No. The Census Bureau only publishes surnames that appeared at least 100 times in a given decennial Census. That means very rare surnames are excluded entirely, and a surname can appear in one Census release but disappear from a later one if it falls below the reporting threshold.
There are two main reasons: rounding and suppression. The Census Bureau rounds published values, and it may suppress very small cells to protect privacy. For 2020, the Bureau also published raw group counts rather than direct percentages, so Name Census converts those counts back into shares for comparability across census years.

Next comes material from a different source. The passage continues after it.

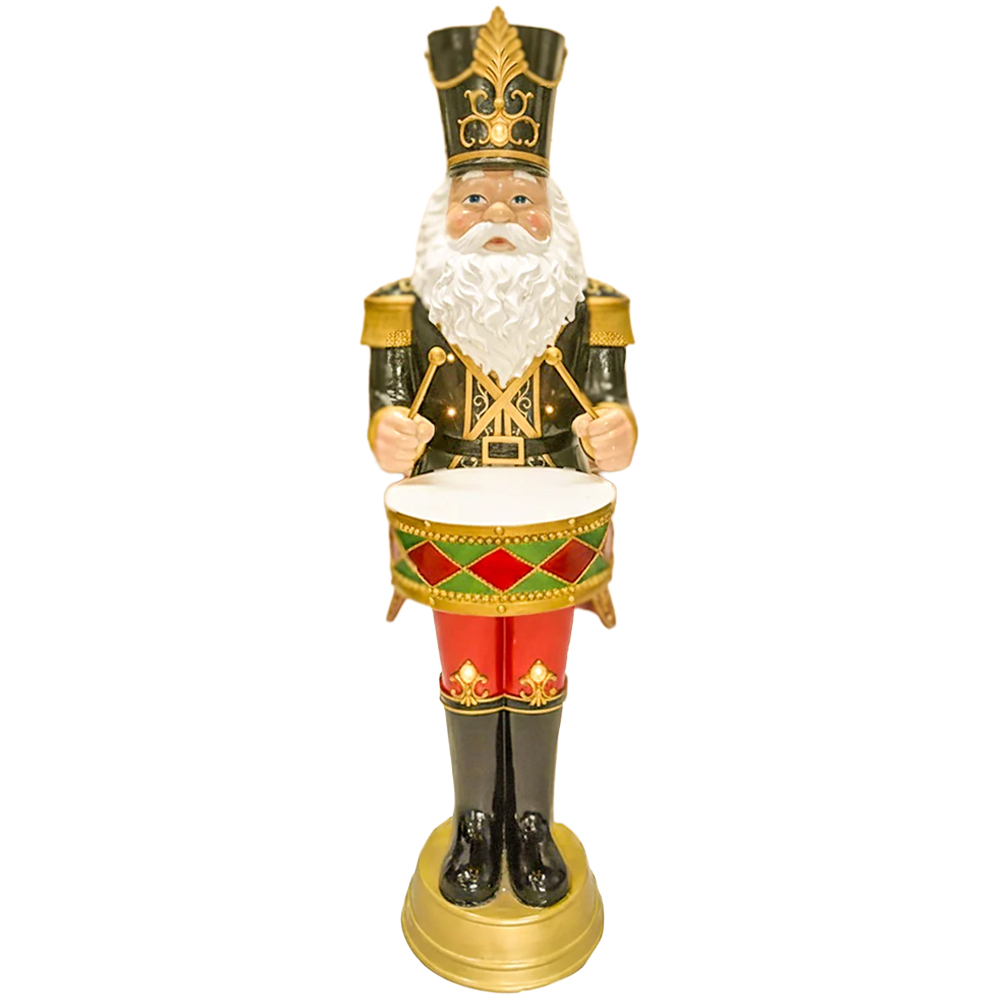 The Christmas Centre Green LED Lights Traditional Nutcracker Santa Drummer 4.5ft Image 1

A surname of German origin, derived from the Middle High German word "löffelære," meaning spoon maker or seller. The fuller origin note on this page goes into more detail.
All surname statistics on Name Census are drawn from the US Census Bureau's decennial surname frequency tables. These files list every surname that appeared 100 or more times in the 2020 Census, along with a count, a per-100,000 rate, and a self-reported demographic breakdown. You can read the full explanation on our methodology page.
For surnames, Name Census does not age cohorts the way it does for first names. Instead, it takes the Census Bureau's published frequency for Lefler (1.19 per 100,000) and applies that rate to the current U.S. resident population to estimate how many living Americans have the surname today.
For a quick modern estimate, our sister site HowManyOfMe.org answers that in one glance, with the living-bearer count front and centre.